Аркнольд сказал, что все готово, и мы принялись неспешно обходить конюшни. Лошади были похожи на тех, которых я видел на ипподроме: с прямыми бабками и потоньше в кости, чем наши, английские.
Лошади Нериссы ничем не отличались от своих соседей по конюшне: выглядели они такими же ухоженными, ноги крепкие, глаза блестящие. И стояли они не в одном отделении, а вперемешку с остальными - жеребчики в одной половине, кобылки в другой. Все как полагается, все как у нас в Англии.
Все конюхи были молодыми неграми. Как и все прочие конюхи на свете, они по-хозяйски гордились лошадьми, за которыми ухаживали. Но, помимо этой законной гордости, чувствовалось в них и еще что-то.
На мои вопросы они отвечали с улыбкой, к Аркнольду обращались с почтением, а на Барти смотрели с нескрываемым страхом. Неизвестно, на чем уж там был основан его авторитет - может, на каких-нибудь древних племенных связях. Я этого так и не разузнал. Но, судя по их испуганным взглядам и по тому, как они съеживались, завидев его, Барти имел над ними такую власть, какая ни одному английскому старшему конюху и не снилась.
Мне вспомнился мой отец. Он, конечно, держал всю конюшню в ежовых рукавицах, конюхи слушались его беспрекословно, помощники ходили по струночке, да и я не сидел сложа руки. И тем не менее я не помнил, чтобы кто-нибудь его по-настоящему боялся.

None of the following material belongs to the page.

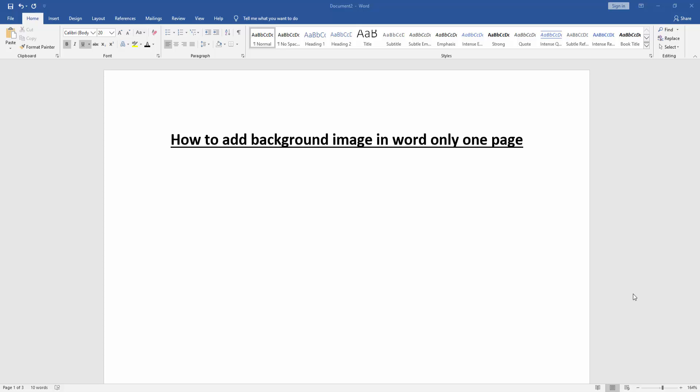Assalamualaikum, hello friends, how are you? Welcome back to my new video. In this video I am going to show you how to add background image in Word only one page. Let's get started. At first we have to open a Word document.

Я посмотрел на Барти - и меня пробрала дрожь. Ох, не хотел бы я быть его подчиненным!
- Вот это - Тейблс-Тернд, - говорил Аркнольд, подходя к двери денника, где стоял темно-гнедой жеребчик. - Он тоже принадлежит миссис Кейвси. В субботу участвует в скачках в Джермистоне.
- Я, пожалуй, съезжу в Джермистон, - сказал я.
- Класс! - с энтузиазмом отозвался Данило.
Аркнольд только кивнул и сказал, что оставит для меня на входе бесплатные билеты.
Мы вошли в денник и постояли, как обычно, оценивающе оглядывая Тейблс-Тернда с головы до ног, пока Аркнольд записывал, как лошадь выглядит по сравнению со вчерашним днем. Я соображал, что бы такое сказать, что не звучало бы чересчур критически.
- Хорошая шея, - сказал я. - И плечи хорошие, крепкие. А про себя подумал, что голова у жеребчика малость крысиная.
Аркнольд пожал плечами:
- На зиму я вывозил его в Наталь вместе с прочими. Мы каждый год вывозим туда всех лошадей на пастбища на три месяца. Мы их держим в Саммервельде, понимаете?
- А где это - Саммервельд? - спросил я.
- Спросите лучше, что это такое, - сказал тренер. - Это большая территория с конюшнями лошадей на восемьсот, в Шонгвени близ Дурбана. Мы снимаем там блок денников на сезон. На территории есть все, что нужно: учебная скаковая дорожка, рестораны, общежития для конюхов - короче, все. Там же расположена жокейская школа…
- Но в этом году вам не везет, не так ли? - сочувственно спросил я.
- Да нет, прочие лошади выиграли несколько скачек, но лошади миссис Кейвси… Откровенно говоря, их так много, что я не могу допустить, чтобы они все время проигрывали. Это портит мне репутацию, понимаете?
Ну еще бы! Но я заметил, что он говорит об этом менее энергично, чем можно было ожидать.
- Вот взять хотя бы Тейблс-Тернда, - продолжал тренер, похлопывая лошадь по крупу. - Исходя из его родословной и результатов, какие он показывал на тренировках, у него были неплохие шансы выиграть Мемориальную доску Холлиса в июне - это одна из самых престижных скачек для двухлеток… А он выступил точно так же, как Чинк, - ну, вы сами видели в Ньюмаркете. Выдохся за пятьсот метров до финиша и пришел в хвосте, хотя я готов поклясться, что он ни в чем не уступал остальным!
Он кивнул конюху, державшему голову лошади, развернулся на каблуках и вышел из денника. Дальше в том же ряду стояла еще одна лошадь Нериссы, вызвавшая у тренера еще более глубокое негодование.
- Вот опять же Медик. Этот жеребчик вполне тянул на чемпиона мира. Я раньше думал, что в июле он выиграет Натальскую свободную с гандикапом, но в конце концов даже не стал посылать его в Клервуд. Его предыдущие четыре скачки были совершенно позорными.
У меня было стойкое ощущение, что гнев Аркнольда наполовину искренний. Это меня озадачило. Его действительно тревожило то, что все эти лошади проигрывают. И тем не менее я по-прежнему был уверен, что тренер не только знает, почему они проигрывают, но и сам все это устроил.